BACKGROUND: Viral infection by dengue virus is a major public health problem in tropical countries. Early diagnosis and detection are increasingly based on quantitative reverse transcriptase real-time polymerase chain reaction (RT-qPCR) directed against genomic regions conserved between different isolates. Genetic variation can however result in mismatches of primers and probes with their targeted nucleic acid regions. Whole genome sequencing allows to characterize and track such changes, which in turn enables to evaluate, optimize, and (re-)design novel and existing RT-qPCR methods. The immense amount of available sequence data renders this however a labour-intensive and complex task.
RESULTS: We present a bioinformatics approach that enables in silico evaluation of primers and probes intended for routinely employed RT-qPCR methods. This approach is based on analysing large amounts of publically available whole genome data, by first employing BLASTN to mine the genomic regions targeted by the RT-qPCR method(s), and afterwards using BLASTN-SHORT to evaluate whether primers and probes will anneal based on a set of simple in silico criteria. Using dengue virus as a case study, we evaluated 18 published RT-qPCR methods using more than 3000 publically available genomes in the NCBI Virus Variation Resource, and provide a systematic overview of method performance based on in silico sensitivity and specificity.

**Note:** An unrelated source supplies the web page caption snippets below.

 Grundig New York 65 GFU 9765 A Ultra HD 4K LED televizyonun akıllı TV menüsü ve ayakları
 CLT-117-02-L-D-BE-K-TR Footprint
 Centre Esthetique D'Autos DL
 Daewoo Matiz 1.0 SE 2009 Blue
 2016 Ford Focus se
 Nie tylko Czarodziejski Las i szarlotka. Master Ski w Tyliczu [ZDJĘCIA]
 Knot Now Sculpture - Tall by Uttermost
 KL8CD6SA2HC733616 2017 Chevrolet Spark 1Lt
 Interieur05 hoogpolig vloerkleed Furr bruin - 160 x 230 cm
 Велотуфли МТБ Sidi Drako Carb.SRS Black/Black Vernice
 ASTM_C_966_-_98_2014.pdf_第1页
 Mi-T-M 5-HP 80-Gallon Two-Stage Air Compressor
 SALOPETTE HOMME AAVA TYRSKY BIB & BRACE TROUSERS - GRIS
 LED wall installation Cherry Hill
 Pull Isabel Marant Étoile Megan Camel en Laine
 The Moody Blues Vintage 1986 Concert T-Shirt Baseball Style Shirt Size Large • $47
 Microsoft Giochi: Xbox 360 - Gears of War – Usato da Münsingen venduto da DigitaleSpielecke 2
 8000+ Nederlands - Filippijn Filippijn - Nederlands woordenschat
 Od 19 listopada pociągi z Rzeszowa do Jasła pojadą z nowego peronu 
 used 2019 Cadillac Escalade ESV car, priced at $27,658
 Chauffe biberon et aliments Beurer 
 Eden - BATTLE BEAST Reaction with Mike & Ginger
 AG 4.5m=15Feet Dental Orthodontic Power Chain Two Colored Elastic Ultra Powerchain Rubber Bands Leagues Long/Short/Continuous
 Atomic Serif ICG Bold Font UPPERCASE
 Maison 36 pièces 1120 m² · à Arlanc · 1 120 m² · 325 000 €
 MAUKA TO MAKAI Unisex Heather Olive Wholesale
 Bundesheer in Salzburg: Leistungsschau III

CONCLUSIONS: We provide a comprehensive overview of dengue virus RT-qPCR method performance that will aid appropriate method selection allowing to take specific measures that aim to contain and prevent viral spread in afflicted regions. Notably, we find that primer-template mismatches at their 3' end may represent a general issue for dengue virus RT-qPCR detection methods that merits more attention in their development process. Our approach is also available as a public tool, and demonstrates how utilizing genomic data can provide meaningful insights in an applied public health setting such as the detection of viral species in human diagnostics.